__Activity__. Starting at the line that contains "Appenzeller Sennenhunde Love", retype each line to the end of the listing below. Include both ends, but not the pictures.
START Data to process
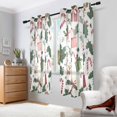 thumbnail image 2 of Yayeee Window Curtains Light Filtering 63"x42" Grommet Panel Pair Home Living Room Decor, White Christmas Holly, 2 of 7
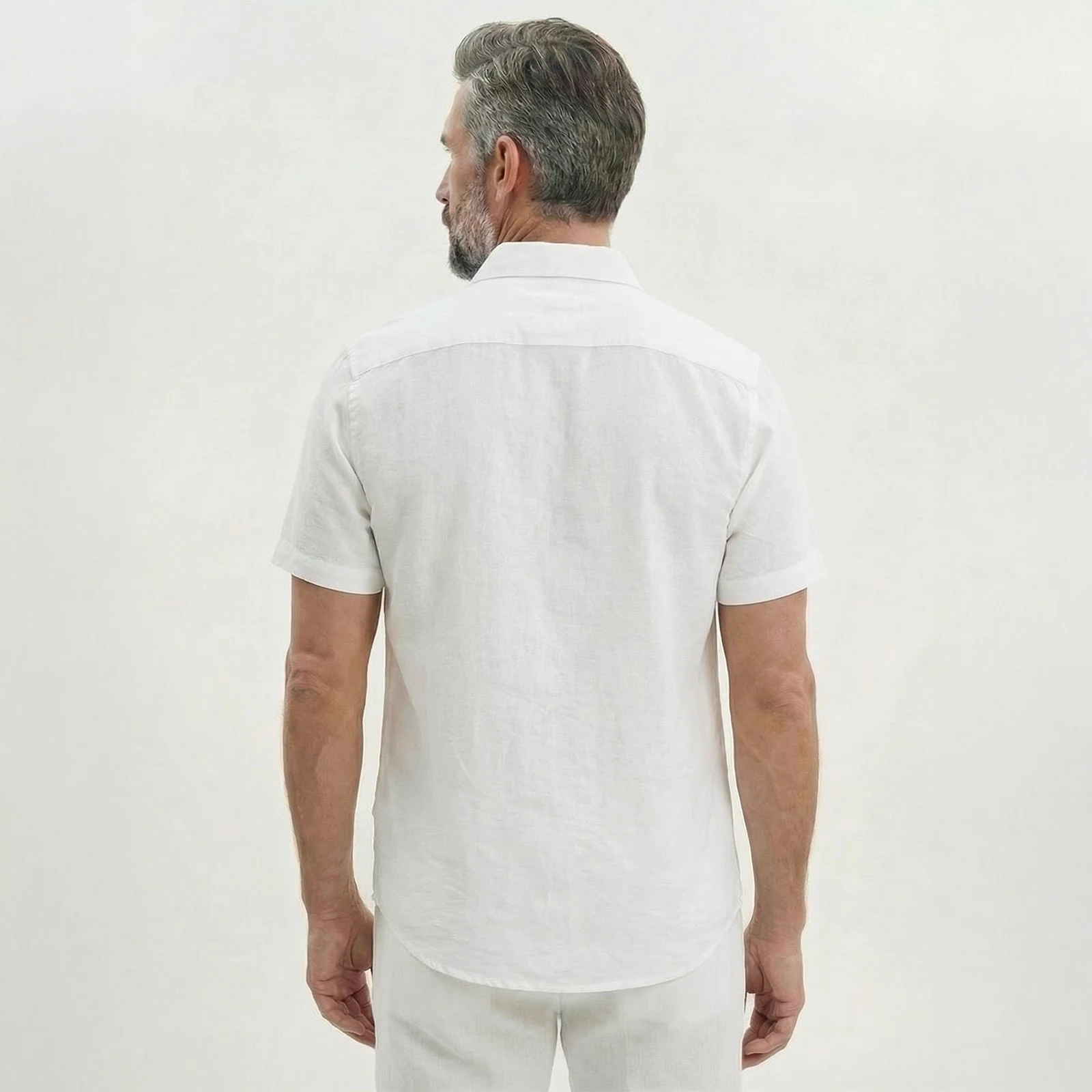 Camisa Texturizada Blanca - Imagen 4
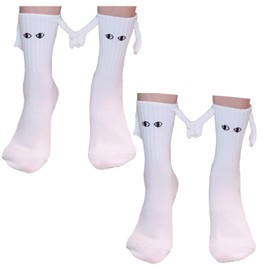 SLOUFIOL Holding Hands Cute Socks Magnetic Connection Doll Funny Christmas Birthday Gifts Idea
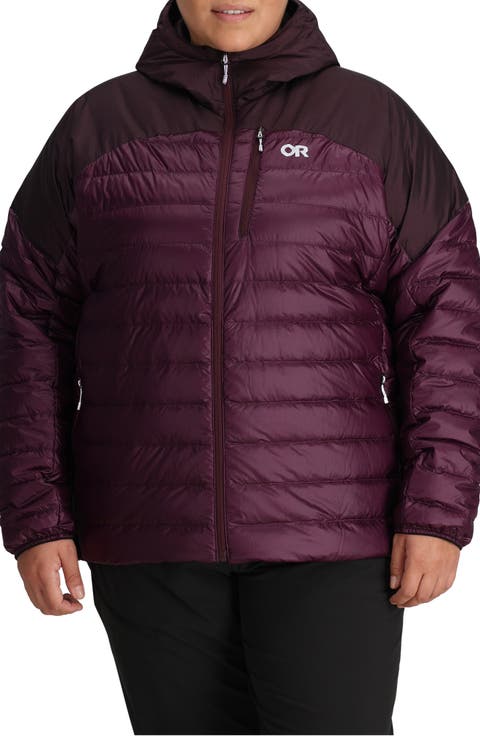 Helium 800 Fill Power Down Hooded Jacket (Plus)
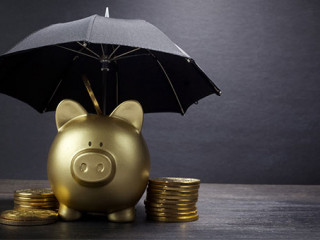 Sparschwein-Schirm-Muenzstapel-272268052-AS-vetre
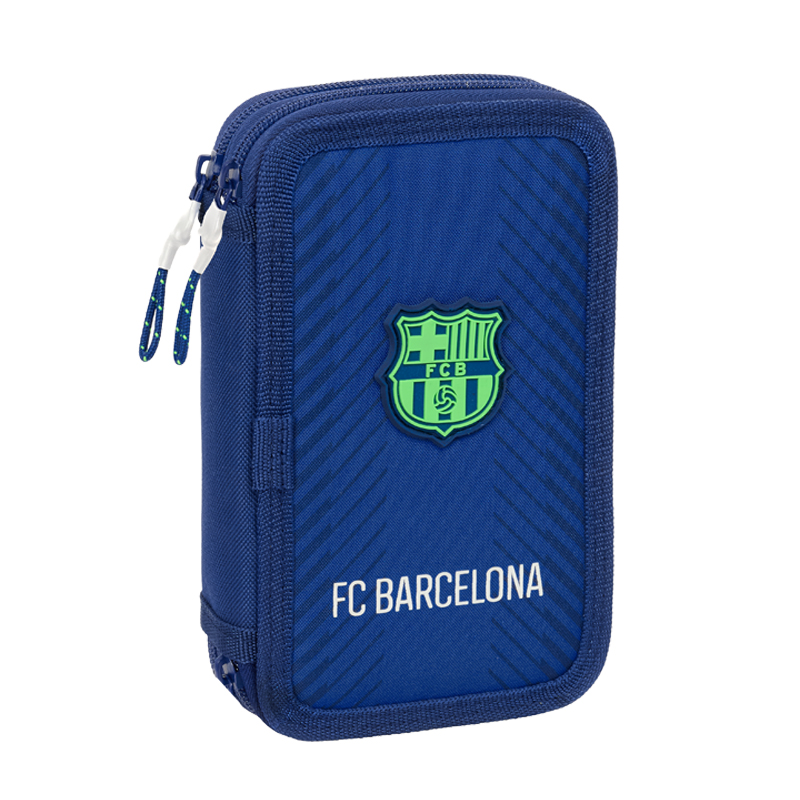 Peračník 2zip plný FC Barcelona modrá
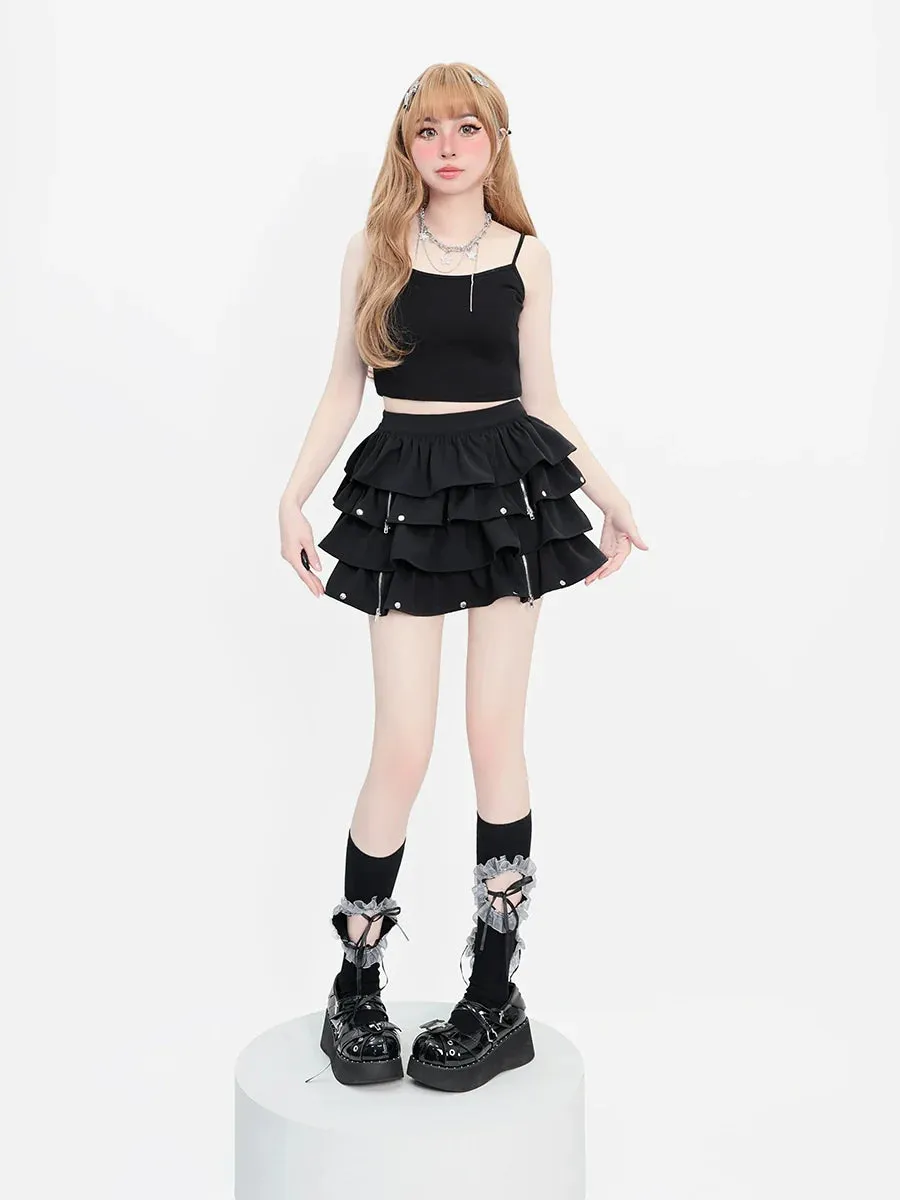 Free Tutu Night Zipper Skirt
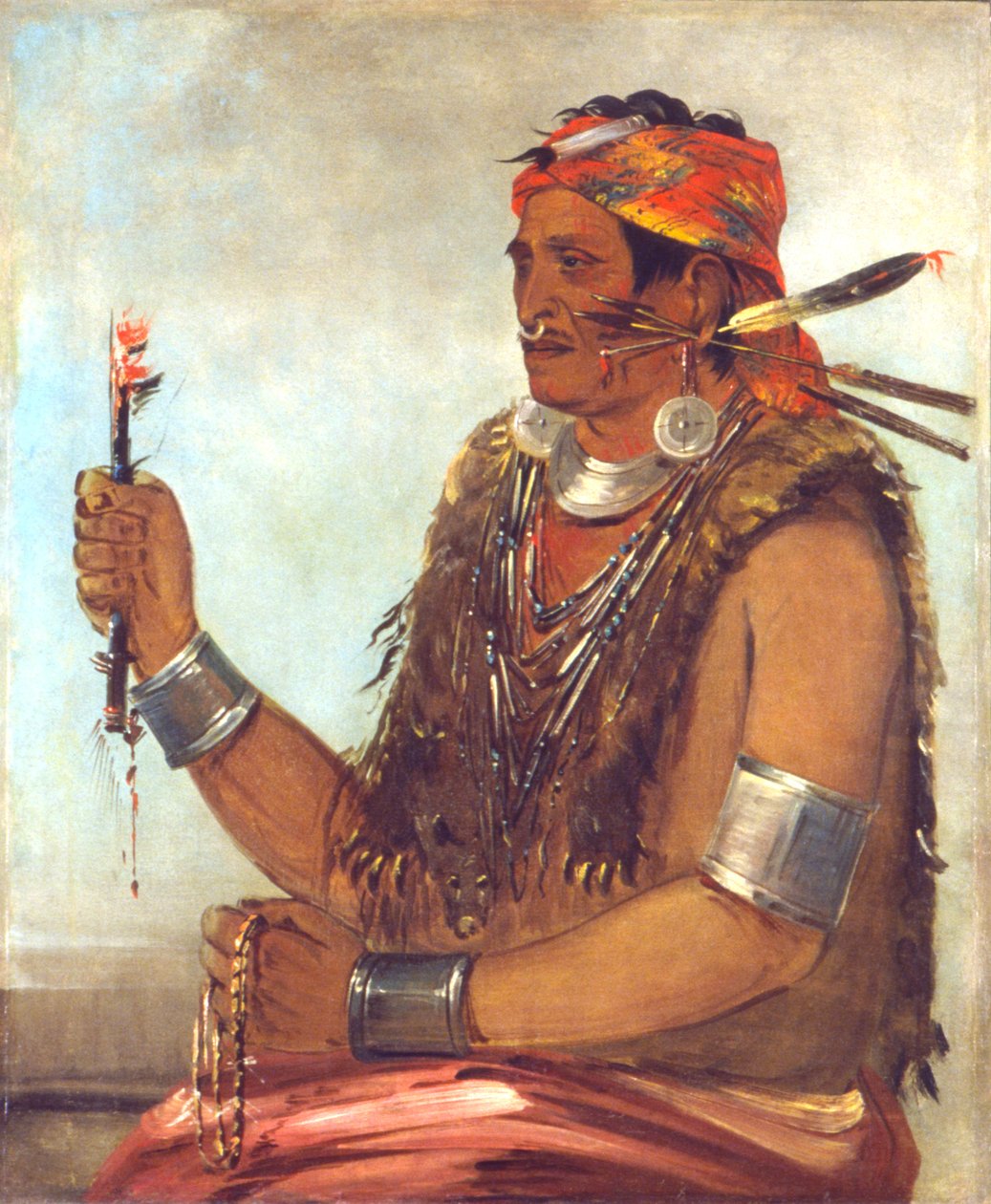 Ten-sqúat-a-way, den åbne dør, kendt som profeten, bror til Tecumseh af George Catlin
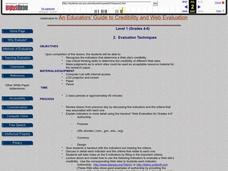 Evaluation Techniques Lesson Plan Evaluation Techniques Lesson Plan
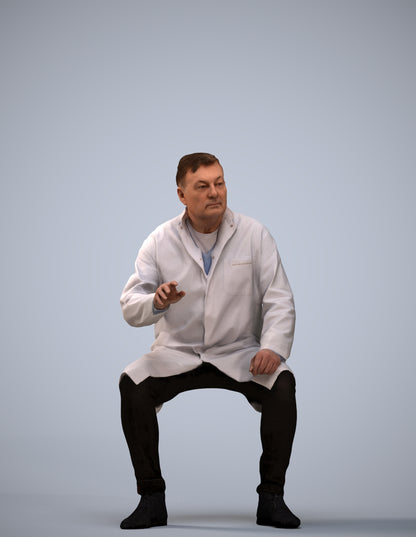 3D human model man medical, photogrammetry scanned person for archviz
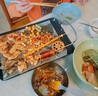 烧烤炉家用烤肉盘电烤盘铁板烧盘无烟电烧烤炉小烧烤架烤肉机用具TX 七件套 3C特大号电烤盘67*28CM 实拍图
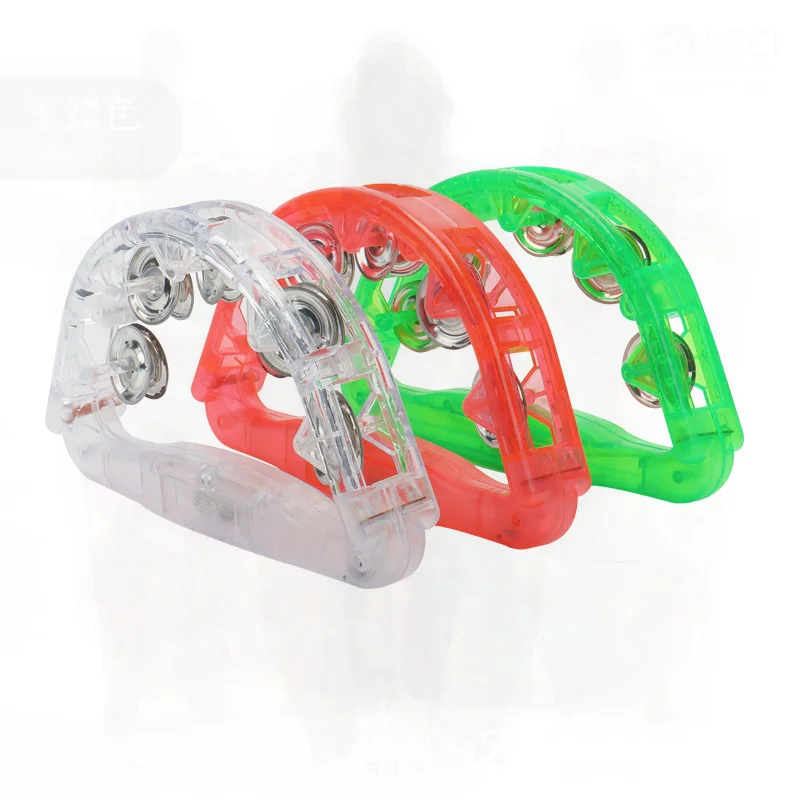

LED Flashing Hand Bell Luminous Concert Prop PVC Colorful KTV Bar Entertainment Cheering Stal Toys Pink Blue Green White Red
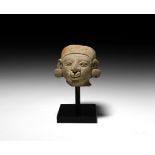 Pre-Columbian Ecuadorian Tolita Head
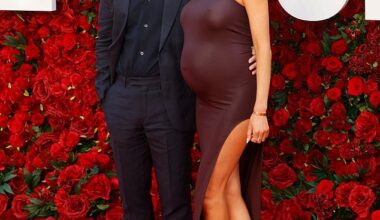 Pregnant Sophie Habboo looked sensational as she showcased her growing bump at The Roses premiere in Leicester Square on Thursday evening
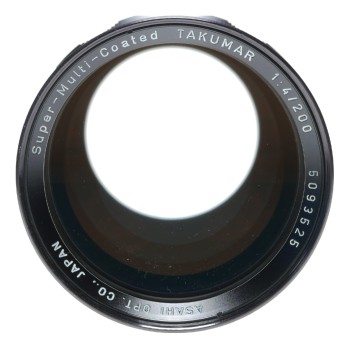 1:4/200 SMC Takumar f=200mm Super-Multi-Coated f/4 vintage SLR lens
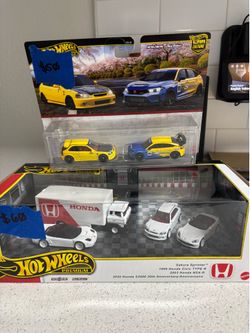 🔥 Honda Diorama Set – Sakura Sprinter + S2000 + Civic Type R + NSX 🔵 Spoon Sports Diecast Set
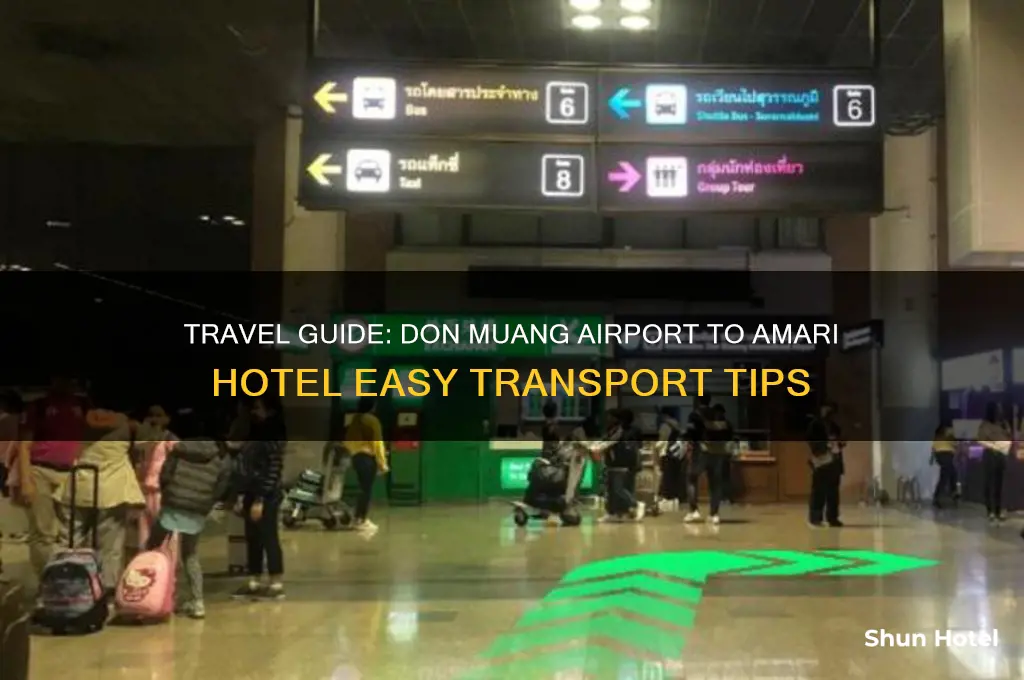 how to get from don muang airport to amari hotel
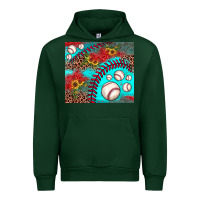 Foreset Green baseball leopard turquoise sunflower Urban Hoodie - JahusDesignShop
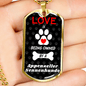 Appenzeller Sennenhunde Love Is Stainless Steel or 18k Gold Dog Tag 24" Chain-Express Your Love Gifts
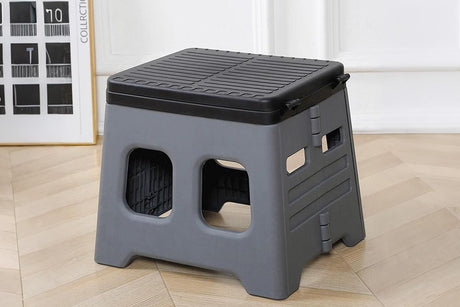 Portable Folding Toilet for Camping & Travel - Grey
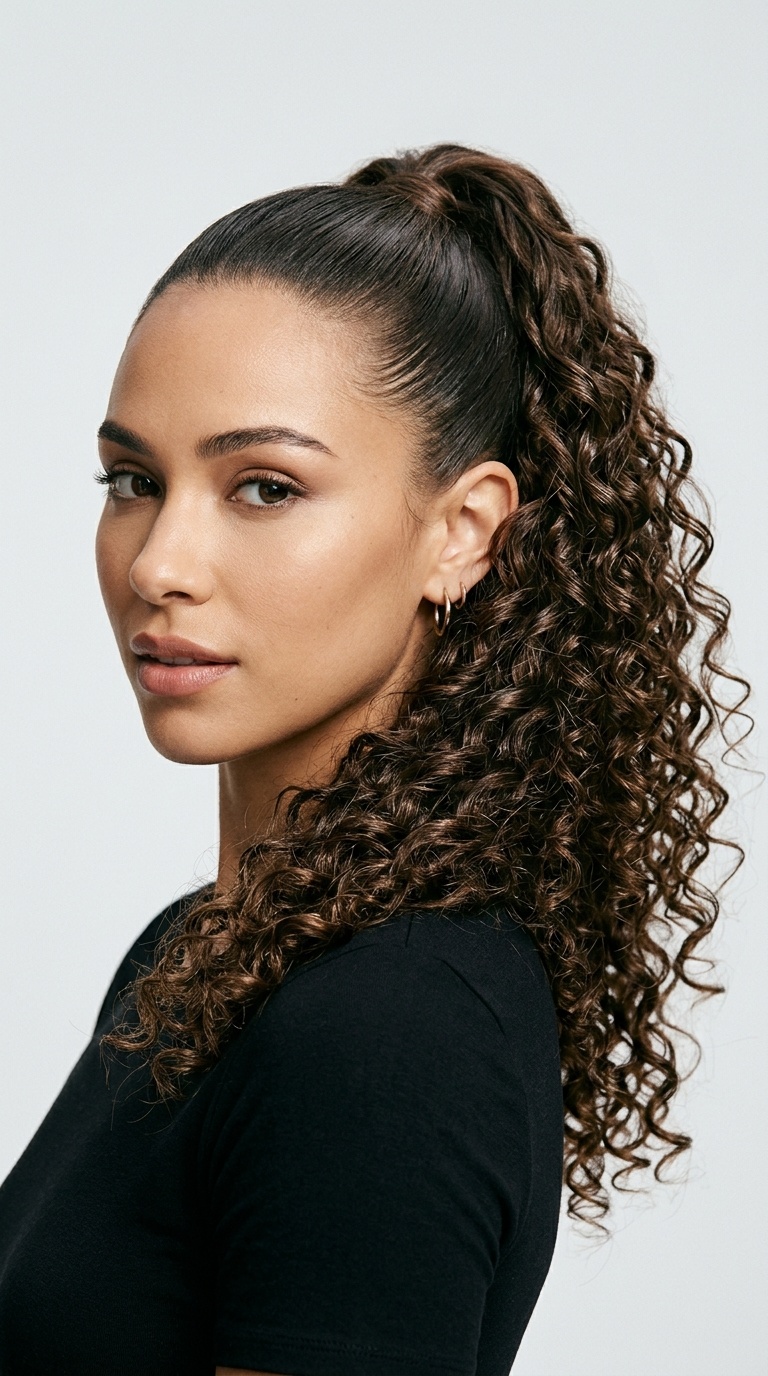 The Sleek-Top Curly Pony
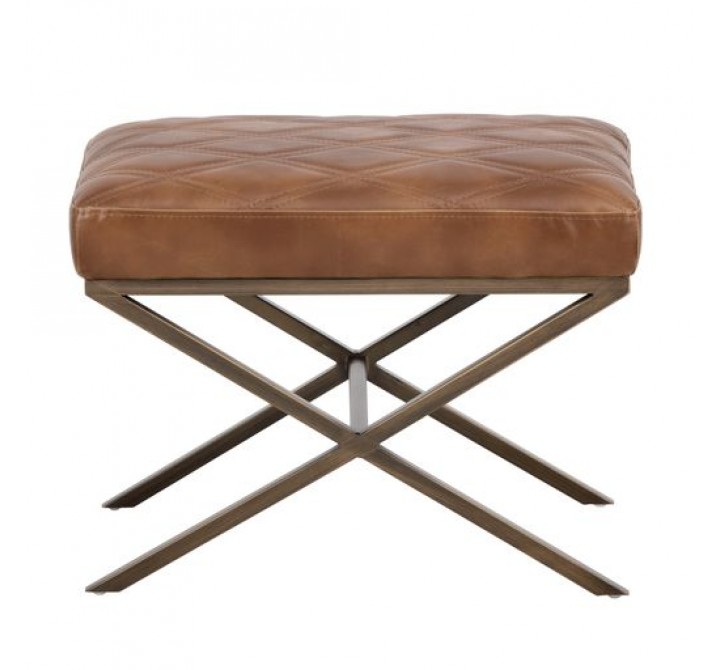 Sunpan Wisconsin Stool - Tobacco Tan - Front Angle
END Data to process
__Result of the exercise__.
 Appenzeller Sennenhunde Love Is Stainless Steel or 18k Gold Dog Tag 24" Chain-Express Your Love Gifts
 Portable Folding Toilet for Camping & Travel - Grey
 The Sleek-Top Curly Pony
 Sunpan Wisconsin Stool - Tobacco Tan - Front Angle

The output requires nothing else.